Erdgas galt als eine gute Zwischenlösung: Bleibt es dabei, was die Marke Volkswagen betrifft?
WELSCH: In einigen Monaten wird der neue 1.5 TGI evo an den Start gehen. Mit diesem evo-Aggregat ist das Potenzial von Erdgas mit seiner hohen Oktanzahl noch besser nutzbar - und das bei weiter gestiegener Leistung. Daneben werden wir den Polo TGI und den Golf TGI von bivalent auf quasi-monovalent umstellen. Ab 2019 sind beide Fahrzeuge dann mit einer weiteren Erdgasflasche und damit einer nochmals höheren CNG-Reichweite verfügbar.
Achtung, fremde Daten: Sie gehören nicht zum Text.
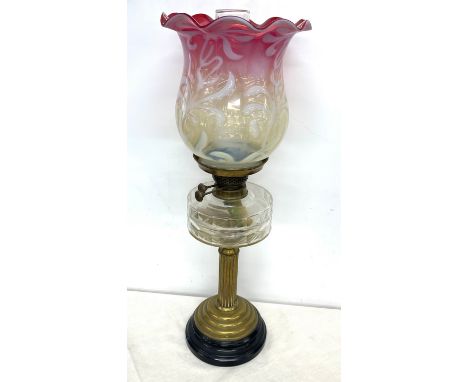 Large Victorian oil lamp, cranberry and vaseline shade, approximate height 25 inches, Shade width 9.5 inches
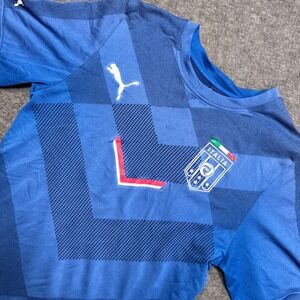Puma Italia Soccer Training Jersey Mens‎ L Blue Short Sleeve FIGC DryCell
Der Benzintank wird kleiner werden und damit eine erweiterte Reservefunktion gewährleisten.

In der Autobranche geht es nach den vielen negativen Schlagzeilen heute mehr denn je um Vertrauen: Wie weit können neue Antriebe die Glaubwürdigkeit einer Marke überhaupt wiederherstellen?
WELSCH: Neue Antriebsformen und technologische Kompetenz allein genügen mit Sicherheit nicht, um Vertrauen zurückzugewinnen. Wir müssen deutlich machen, dass wir aus unseren Fehlern gelernt haben. Gleichwohl werden wir dank technologischer Fortschritte die Mobilität für unsere Kunden noch einmal sicherer, sauberer und komfortabler machen. Damit - so glaube ich - wird auch die Begeisterung der Menschen für unsere Industrie wieder zunehmen.